There are advantages and disadvantages to being single. An advantage is that, when someone asks me, “What are you doing tomorrow?”, I can respond with, “Any damn thing I want!”

That’s a good place to be.

On the other hand, my dog doesn’t look so great in a thong, and I didn’t get squat for Valentine’s Day. (Then again, I didn’t have to piss away any money on flowers, either. Why do women like flowers, anyway? Honestly, would you ever, say, buy a pet that you knew was going to be dead in five days? Of course not. So why flowers?)

But the key thing to note about being single is that one of the best things about it – dating – is also the worst thing about it.

It’s true: I hate dating. But I’m compelled to do it because I’m a male, and my internal programming drives me to interact with the female of the species. My instincts are telling me to spread the seed, so by golly I’m trying to respond.

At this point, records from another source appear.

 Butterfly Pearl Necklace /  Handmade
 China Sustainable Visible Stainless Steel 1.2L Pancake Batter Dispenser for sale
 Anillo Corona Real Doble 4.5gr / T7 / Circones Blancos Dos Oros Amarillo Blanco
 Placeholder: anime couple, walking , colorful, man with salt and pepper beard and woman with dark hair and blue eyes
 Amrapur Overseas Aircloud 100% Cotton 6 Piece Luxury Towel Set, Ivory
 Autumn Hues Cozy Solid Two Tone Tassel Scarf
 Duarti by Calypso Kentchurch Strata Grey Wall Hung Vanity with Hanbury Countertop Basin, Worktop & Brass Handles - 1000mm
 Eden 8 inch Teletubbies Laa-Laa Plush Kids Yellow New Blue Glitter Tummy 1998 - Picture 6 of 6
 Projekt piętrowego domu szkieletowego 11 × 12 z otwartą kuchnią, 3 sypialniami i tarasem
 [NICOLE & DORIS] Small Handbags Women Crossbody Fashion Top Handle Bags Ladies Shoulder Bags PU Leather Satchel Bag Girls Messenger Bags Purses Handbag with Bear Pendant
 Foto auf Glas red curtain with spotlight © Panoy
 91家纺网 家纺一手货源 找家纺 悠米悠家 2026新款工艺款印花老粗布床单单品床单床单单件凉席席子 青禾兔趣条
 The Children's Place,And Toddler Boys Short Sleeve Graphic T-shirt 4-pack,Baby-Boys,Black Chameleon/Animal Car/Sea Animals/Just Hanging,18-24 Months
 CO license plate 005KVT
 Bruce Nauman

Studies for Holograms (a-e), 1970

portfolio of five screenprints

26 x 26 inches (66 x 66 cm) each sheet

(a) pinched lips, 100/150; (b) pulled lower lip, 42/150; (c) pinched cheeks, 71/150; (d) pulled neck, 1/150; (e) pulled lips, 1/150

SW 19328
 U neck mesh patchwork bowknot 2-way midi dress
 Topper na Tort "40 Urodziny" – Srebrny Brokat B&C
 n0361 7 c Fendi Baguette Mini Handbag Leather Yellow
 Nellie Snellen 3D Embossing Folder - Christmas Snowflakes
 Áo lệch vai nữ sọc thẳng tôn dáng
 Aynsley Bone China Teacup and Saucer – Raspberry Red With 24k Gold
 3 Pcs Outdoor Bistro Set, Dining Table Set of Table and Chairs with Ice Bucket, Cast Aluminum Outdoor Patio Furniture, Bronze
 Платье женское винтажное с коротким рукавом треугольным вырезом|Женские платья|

But society makes dating kind of weird and difficult, especially when you’re as neurotic as I am. You know, there are all these rules and customs about dating that just make the process so freaking painful. I think this is why people get married – so they don’t have to date anymore. (Shortly thereafter, they get divorced. Then they have to start dating again. But I digress.)

I especially hate meeting people in bars. That’s the worst, which is why I avoid those situations like the plague. If I go to a bar, it’s to hang out with people I already know and/or to hear a band. Period. But recently I was at a local bar with my friend Greg when the strangest thing happened to me.

I was standing next to the bar, waiting to order beers for Greg and myself – it was $1 longneck night – when a dark-haired lady in her mid-40s approached. She was wearing beat-up clothes and looked like she hadn’t washed her hair in a while, and she said, “Excuse me, sir, but I’m homeless and I don’t have any money. Would you please give me a dollar so I can get a beer?”

I kind of shrugged and said OK, then handed her a dollar. She nearly turned to walk away but hesitated. She then turned back to me and said, “Do you date?”

There are moments in a person’s life when one is rendered absolutely speechless. This was one of those moments. To me, this was one of life’s great, undiscovered paradoxes. Think about it: If you go out and socialize in public, at some point, someone will come up and offer to buy you a drink, or ask you to buy one for them. It’s sort of a dating ritual, if you will, and something we all experience at some point.

At the same time, it’s perhaps even more common (especially in the Highlands or downtown) to be pumping gas or walking into a store and having someone come up and ask you for spare change or perhaps a dollar to buy some food. In either instance, we pretty much have stock responses that get us through the situations painlessly.

But when you combine the two scenarios, suddenly the mind starts to reel. It was like "Back to the Future, Part II." How could Michael J. Fox be playing a guitar solo, and climbing across the top of the stage overhead? It's not possible, so the mind cannot grasp it. I found my mouth opening, but there was nothing coming out. (Or at least nothing reasonably intelligent.) What am I supposed to do, ask for her home number?

But the strange thing was, suddenly I felt guilty for wanting to say no to her; I didn’t want to hurt her feelings, but at the same time I didn’t want to be dishonest. So exactly how do you answer when a homeless person asks you for money, then asks you if you date? Here are a few of the things that came to mind ...

“I date, I just don’t date homeless alcoholics.” Hmmm. Kind of judgmental.

“Sure. My place or yours?” Unnecessarily sarcastic.

“Sorry, but I’m a raging homosexual.” Blatant lie.

“I have a steady girlfriend.” OK, it’s a lie, but at least it’s a polite lie, right? So that’s what I said. And yet I still felt a twinge of guilt. And that’s when I realized ...

I’m George Costanza.

I hope none of this came across as being derogatory toward this person I met; she seemed like a nice enough human being who perhaps was just down on her luck. To me, this experience was simply an interesting social paradox that may never happen again and bore discussion. And besides, I’m fairly sure she’ll never read this anyway.